Abstract: In this chapter, a so-called DCA method based on a DC (difference of convex functions) optimization approach for solving large-scale distance geometry problems is developed. Two main problems are considered: the exact and the general distance geometry problems. Different formulations of equivalent DC programs are introduced. Substantial subdifferential calculations permit to compute sequences of iterations in the DCA quite simply and allow exploiting sparsity in the large-scale setting. For improving the computational efficiency of the DCA schemes we investigate several techniques.

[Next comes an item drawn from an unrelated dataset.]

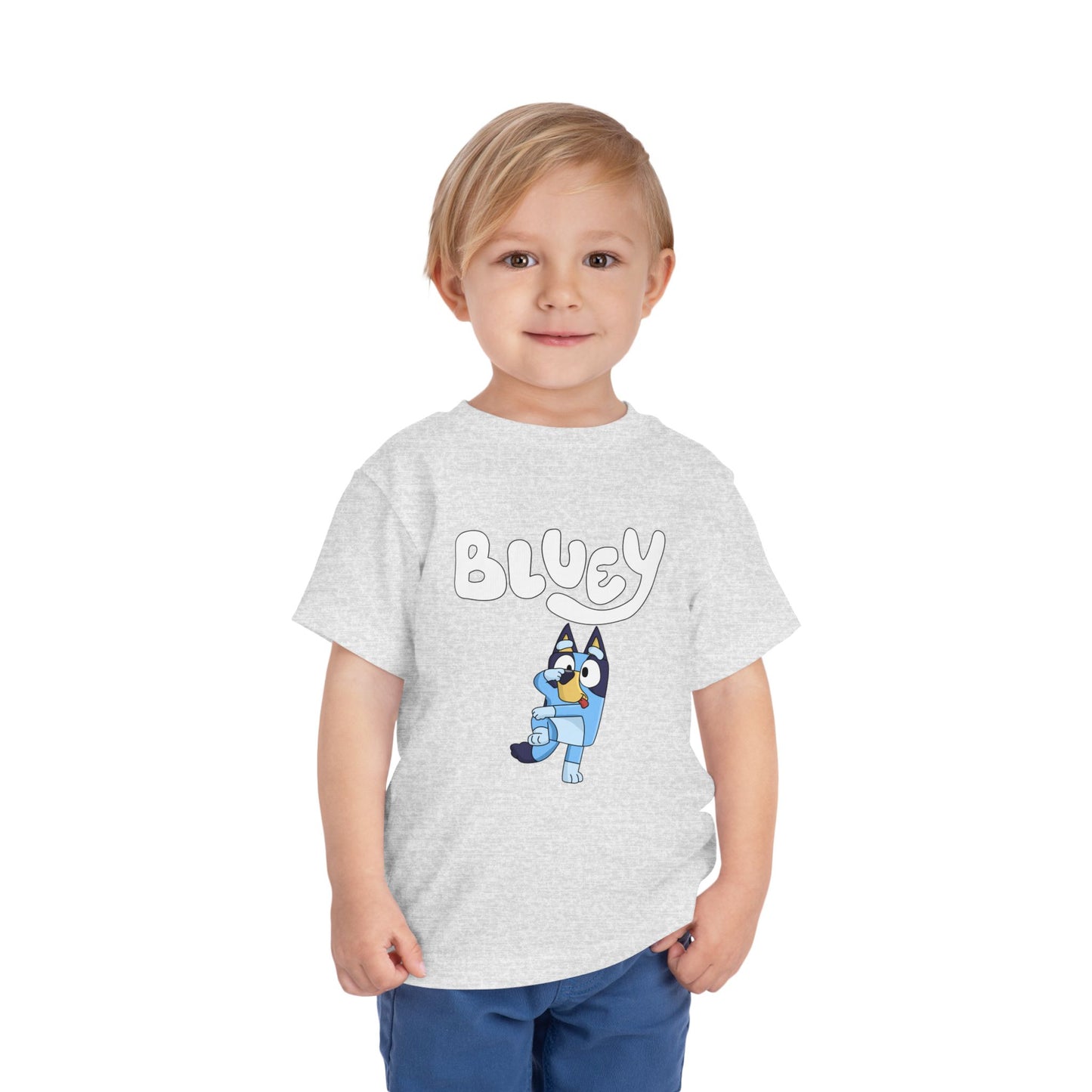 Bluey Toddler Tee, Kids Shirt, Children's Clothing, Boys Girls Summer Top, Cute Toddler Gift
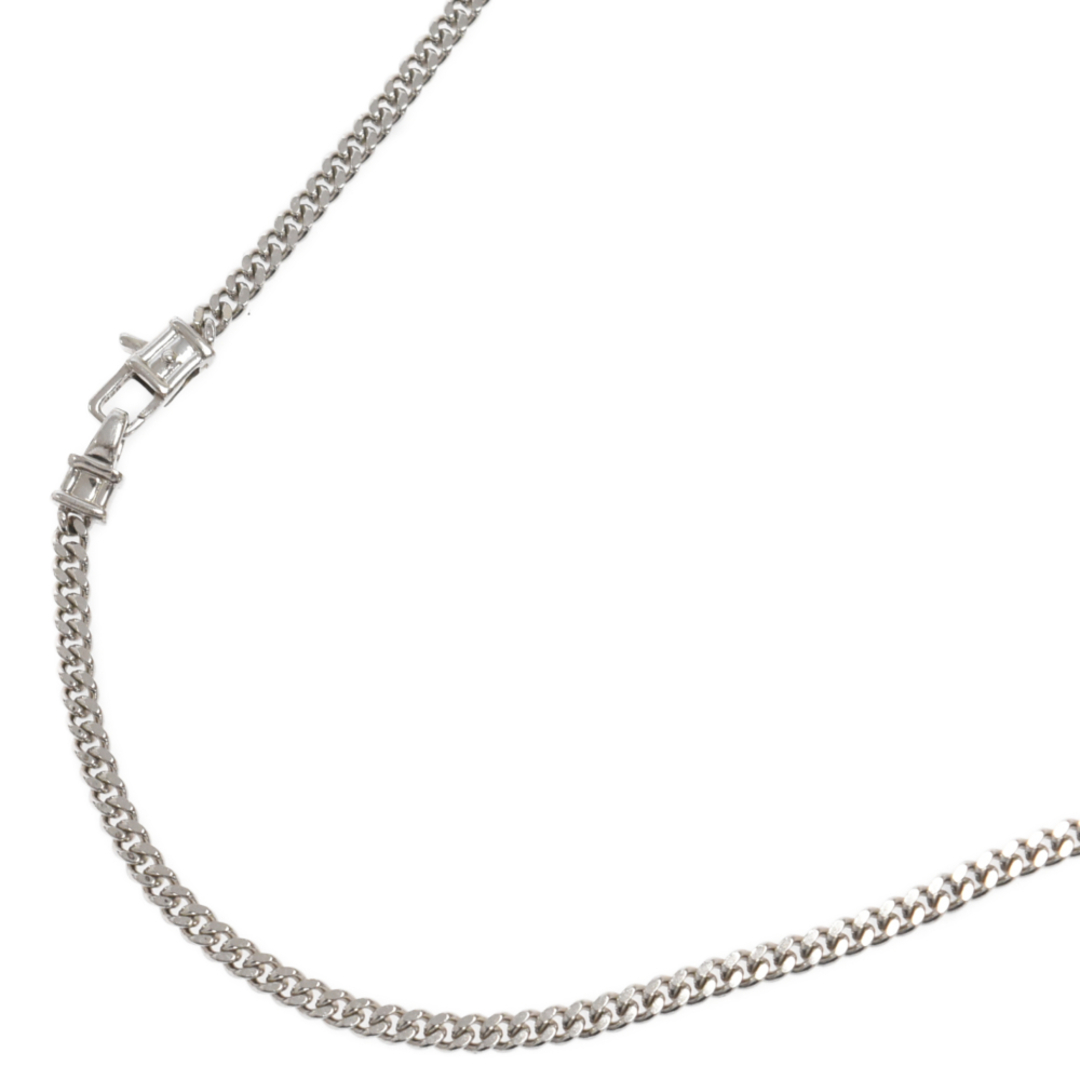 TOMWOOD トムウッド Curb Chain M 20.5 inches カーブチェーンネックレス シルバー メンズのアクセサリー(ネックレス)の商品写真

A two-phase algorithm using shortest paths between all pairs of atoms to generate the complete dissimilarity matrix, a spanning trees procedure, and a smoothing technique are investigated in order to compute a good starting point (SP) for the DCAs. An important issue in the DC optimization approach is well exploited, say the nice effect of DC decompositions of the objective functions. For this purpose we propose several equivalent DC formulations based on the stability of Lagrangian duality and the regularization techniques. Finally, many numerical simulations of the molecular optimization problems with up to 12,567 variables are reported which prove the practical usefulness of the nonstandard nonsmooth reformulations, the globality of found solutions, the robustness, and the efficiency of our algorithms.

 

Citation: Le Thi Hoai An, Pham Dinh Tao, DC programming approaches for Distance Geometry problems, in “Distance Geometry: Theory, Methods and Applications”, Mucherino, A; Lavor, C; Liberti, L.; Maculan, N. (Eds), pp 225-290, Springer 2013.